Djihad en Syrie : Première historique d’une Française jugée pour génocide à Paris
Sonia Mejri, revenante de Syrie, sera entendue lors d’assises à Paris pour le crime de génocide concernant les Yazidis, minorité ethno-religieuse kurdophone, ainsi que pour d’autres infractions terroristes et pour complicité de crimes contre l’humanité. En mai, la Cour de cassation avait considéré qu’il était possible d’être poursuivi pour génocide en s’en prenant à un seul membre d’un groupe faisant l’objet d’« un plan concerté tendant à sa destruction totale ou partielle ».
Pour la première fois en France, une femme sera jugée pour le crime de génocide. Sonia Mejri, revenue de Syrie, sera entendue lors d’assises à Paris, qui s’annoncent historiques suite à la non-admission de son pourvoi. Cette dernière conteste avoir réduit en esclavage une adolescente yazidie au printemps 2015.
D’après des sources proches du dossier, Sonia Mejri, âgée de 36 ans, sera la première revenante française de Syrie à comparaître en France pour génocide sur les Yazidis, une minorité ethno-religieuse kurdophone. Elle sera également la première Française à être jugée pour ce crime, qui peut entraîner une réclusion criminelle à perpétuité. Elle comparaîtra en détention devant la cour d’assises spéciale à Paris, à une date qui reste à déterminer, et sera aussi jugée pour d’autres infractions terroristes ainsi que pour complicité de crimes contre l’humanité.
Un de ses avocats, Me Nabil Boudi, a déclaré que « l’innocence de ma cliente sera prononcée par les juges du siège » lors du procès. Une juge d’instruction antiterroriste à Paris avait initialement ordonné en septembre 2024 ce procès pour Abelnasser Benyoucef, un émir de l’État islamique (EI), et son ex-épouse Sonia Mejri, les soupçonnant d’avoir réduit en esclavage une Yazidie de 16 ans au printemps 2015.
Le magistrat avait justifié que Benyoucef « savait qu’en acquérant » l’adolescente et en la soumettant à un enfermement, à des viols répétés et à des privations sévères, il participait à l’attaque orchestrée par l’EI contre la communauté yézidie. Sonia Mejri était décrite comme « garante de l’enfermement » de la jeune Yazidie, détenant la clé de l’appartement et portant, selon l’ordonnance de mise en accusation, une arme pour l’empêcher de fuir. L’accusation lui reprochait notamment des « atteintes graves à l’intégrité physique et psychique » de l’adolescente, soumise à des conditions de vie pouvant mener à la destruction de sa communauté.

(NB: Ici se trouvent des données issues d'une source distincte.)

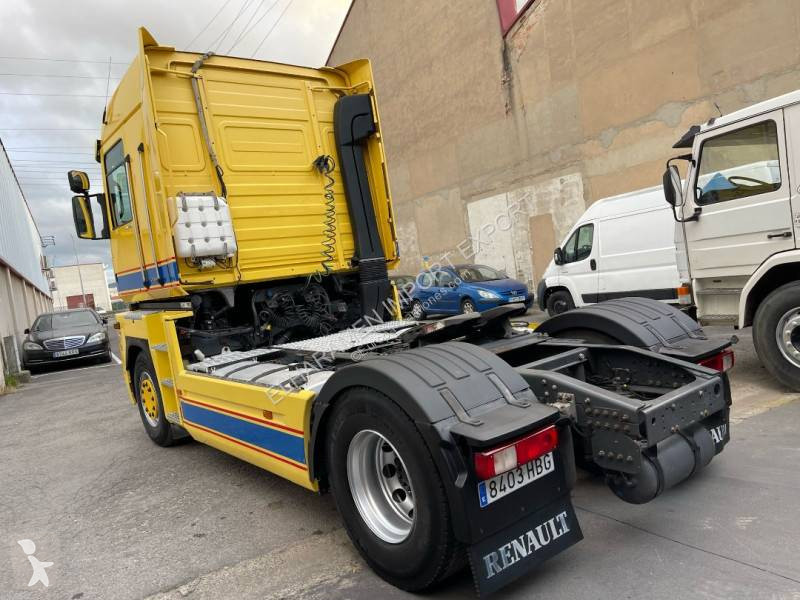 Tracteur Renault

Cependant, la cour d’appel de Paris avait partiellement infirmé en janvier ce renvoi, considérant qu’il fallait plusieurs victimes pour retenir le crime de génocide. Me Boudi a commenté que « les magistrats de la cour d’appel n’ont pas réussi à se mettre d’accord sur les charges, c’est dire la fragilité et la faiblesse de l’accusation ».
En mai, la Cour de cassation a statué que l’on pouvait être poursuivi pour génocide en s’en prenant à un seul membre d’un groupe dans le cadre d’un « plan concerté tendant à sa destruction totale ou partielle ». La chambre de l’instruction a finalement validé début juillet ces poursuites pour génocide, avant le feu vert définitif en cassation le 1er octobre.
Les violences sexuelles ont été utilisées par les djihadistes de l’EI comme des armes afin de briser la résistance des Yazidis et d’instaurer un climat de peur généralisé, voire la création de marchés aux esclaves sexuelles.
La parole de la victime est centrale dans ce dossier. Son avocat, Romain Ruiz, n’a pas souhaité faire de commentaires pour le moment. Retrouvée par les enquêteurs, elle a déclaré avoir été séquestrée pendant plus d’un mois au printemps 2015 en Syrie, n’ayant pu ni boire, ni manger, ni se doucher sans l’autorisation de Sonia Mejri. Elle a également accusé cette dernière de l’avoir violentée et d’avoir été au courant des viols quotidiens perpétrés par son mari. Son témoignage rejoint de nombreux rapports d’associations décrivant la stratégie de l’EI contre les Yazidis : marchés aux esclaves, mise en place d’un « département des butins de guerre », etc.
Sonia Mejri a contesté toute infraction liée à la jeune Yazidie, affirmant que son ex-mari en était le « propriétaire » et qu’elle n’avait « aucun droit » sur elle. « La défense a multiplié les recours. La Licra se satisfait que ce procès pour génocide […] puisse enfin se tenir », a précisé Me Ilana Soskin, avocate de l’association. Abel Nasser Benyoucef, qui fait l’objet d’un mandat d’arrêt et qui est présumé mort depuis 2016, sera jugé par contumace en tant qu’auteur de génocide, de crimes contre l’humanité et pour des infractions terroristes.